This can at first look misleading, but the it is important to remember that the more negative the `ChemGauss` score the better it is. Hence, points at the bottom of the plot are better to see than those at the top. The reference presents the best set of molecules as seen from brute-force docking, we see that the Boltzmann sampling does not appear to find most of the hits, hence the Boltzmann sampling is not a useful method to use to find hits for this library.

## Enhanced Thompson Sampling

In [None]:
import copy
input_dict_enhanced_TS = copy.copy(input_dict)
input_dict_enhanced_TS["search_strategy"] = "thermal_cycling"
input_dict_enhanced_TS["processes"] = 1
input_dict_enhanced_TS["percent_of_library"] = 0.1
input_dict_enhanced_TS["scaling"] = -1
input_dict_enhanced_TS["temperature"] = 1

In [None]:
ts_enhanced_df = run_ts(input_dict_enhanced_TS)

In [None]:
ts_enhanced_df

In [None]:
ts_enhanced_df.sort_values(by="score", ascending=True).head(100)

In [None]:
truth_df = prod_scores_df.sort("Scores", descending=False).head(100).to_pandas()

In [None]:
truth_df

In [None]:
top_100_ts_enhanced_df = ts_enhanced_df.sort_values(by="score", ascending=True).head(100)

In [None]:
len(list(set(truth_df["Product_Code"]) & set(top_100_ts_enhanced_df["Name"])))

In [None]:
ts_enhanced_df = ts_enhanced_df.rename(columns={"score":"Scores", "Name":"Product_Code"})

In [None]:
ts_enhanced_df_slice = ts_enhanced_df. sort_values(by="Scores", ascending=True).head(5000)

In [None]:
# Generate 10 runs of Boltzmann Sampling
ts_enhanced_df_list = []
for i in tqdm(range(0,10)):
    ts_enhanced_df_temp = run_ts(input_dict_enhanced_TS, hide_progress=True)
    ts_enhanced_df_temp = ts_enhanced_df_temp.sort_values(by="score", ascending=True).head(5000)
    ts_enhanced_df_list.append(ts_enhanced_df_temp)

In [None]:
len(ts_enhanced_df_list[0])

In [None]:
ts_enhanced_df_list[0]

In [None]:
prod_scores_df.sort(["Scores"], descending=False).head(100)
prod_scores_df.head(100).select(pl.col("Scores").min())

In [None]:
prod_scores_df.head(100).select(pl.col("Scores").max())

In [None]:
ts_df_list[0].sort_values(by="score", ascending=True).head(100)

In [None]:
ts_boltzmann_df_list[0].sort_values(by="score", ascending=True).head(100)
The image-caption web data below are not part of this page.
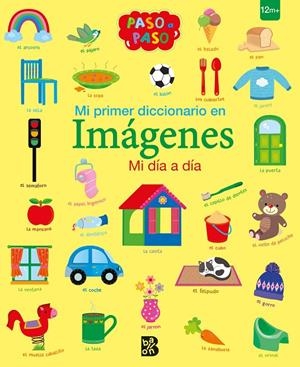 MI PRIMER DICCIONARIO EN IMÁGENES - MI DÍA A DÍA | 9789403234236 | Galatea Llibres | Llibreria online de Reus, Tarragona | Comprar llibres en català i castellà online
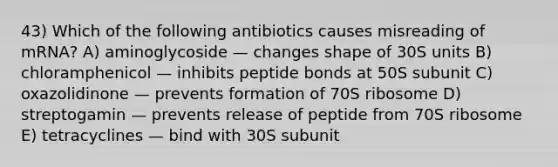 43) Which of the following antibiotics causes misreading of mRNA? A) aminoglycoside — changes shape of 30S units B) chloramphenicol — inhibits peptide bonds at 50S subunit C) oxazolidinone — prevents formation of 70S ribosome D) streptogamin — prevents release of peptide from 70S ribosome E) tetracyclines — bind with 30S subunit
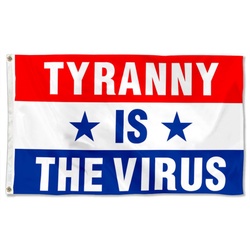 Tyranny is The Virus Flag Banner  of Undefeated TWO TIME World War Champs Flag Banner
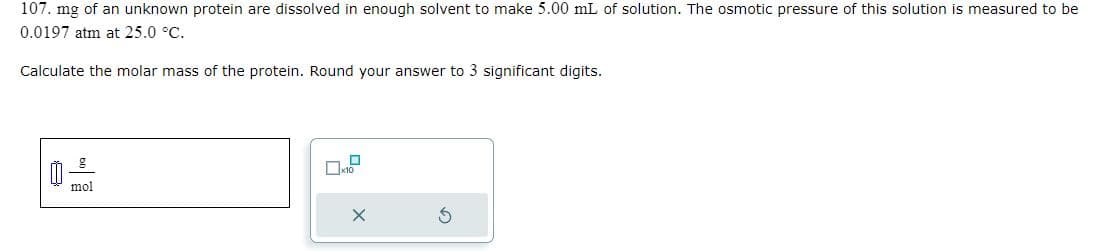 107. mg of an unknown protein are dissolved in enough solvent to make 5.00 mL of solution. The osmotic pressure of this solution is measured to be
0.0197 atm at 25.0 °C.
Calculate the molar mass of the protein. Round your answer to 3 significant digits.
mol
X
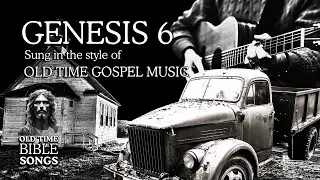 Genesis 6 &mdash; Old Time Bible Song | When the Earth Was Filled With Violence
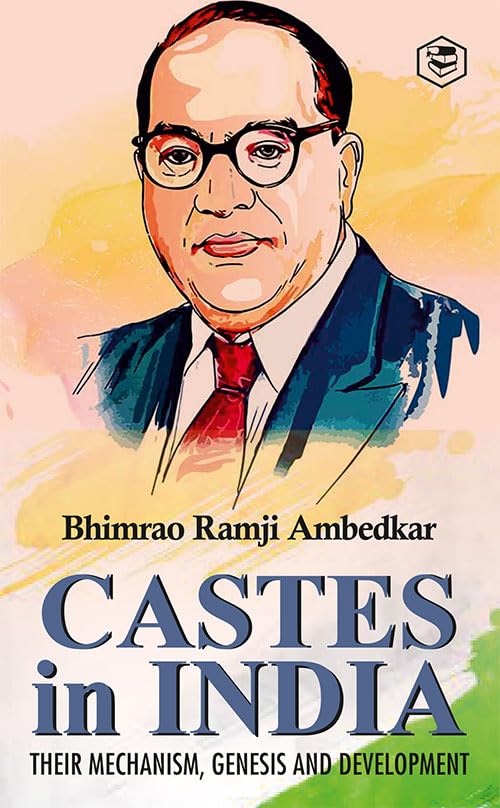 Castes in India: Their Mechanism, Genesis and Development by Dr. B. R. Ambedkar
### How much does the Enhanced TS recover using Docking as the Scoring Function?

In [None]:
# Ground Truth
prod_scores_df_pd = prod_scores_df.to_pandas()
top_5k_truth = prod_scores_df_pd.sort_values(by="Scores", ascending=True).head(5000)

In [None]:
# Lets look at the an Instance of each of the TS methods
# Re run this if the the dataframes need to be reset
ts_std_df = ts_df_list[0].copy()
ts_enhanced_df = ts_enhanced_df_list[0].copy()
ts_boltzmann_df = ts_boltzmann_df_list[0].copy()

In [None]:
ts_dfs = [ts_std_df, ts_enhanced_df, ts_boltzmann_df]
ts_types = ["TS", "TS_enhanced", "TS_Boltzmann"]
top_5k = {}
for n, df in enumerate(ts_dfs):
    df_temp = df.sort_values(by="score", ascending=True).head(5000)
    df_temp.drop(columns=["SMILES"],inplace=True)
    df_temp.rename(columns={"score":"Scores", "Name":"Product_Code"},inplace=True)
    top_5k[ts_types[n]] = df_temp

In [None]:
top_5k["TS"] = top_5k["TS"][["Product_Code"]].assign(standard=True)
top_5k["TS_enhanced"] = top_5k["TS_enhanced"][["Product_Code"]].assign(enhanced=True)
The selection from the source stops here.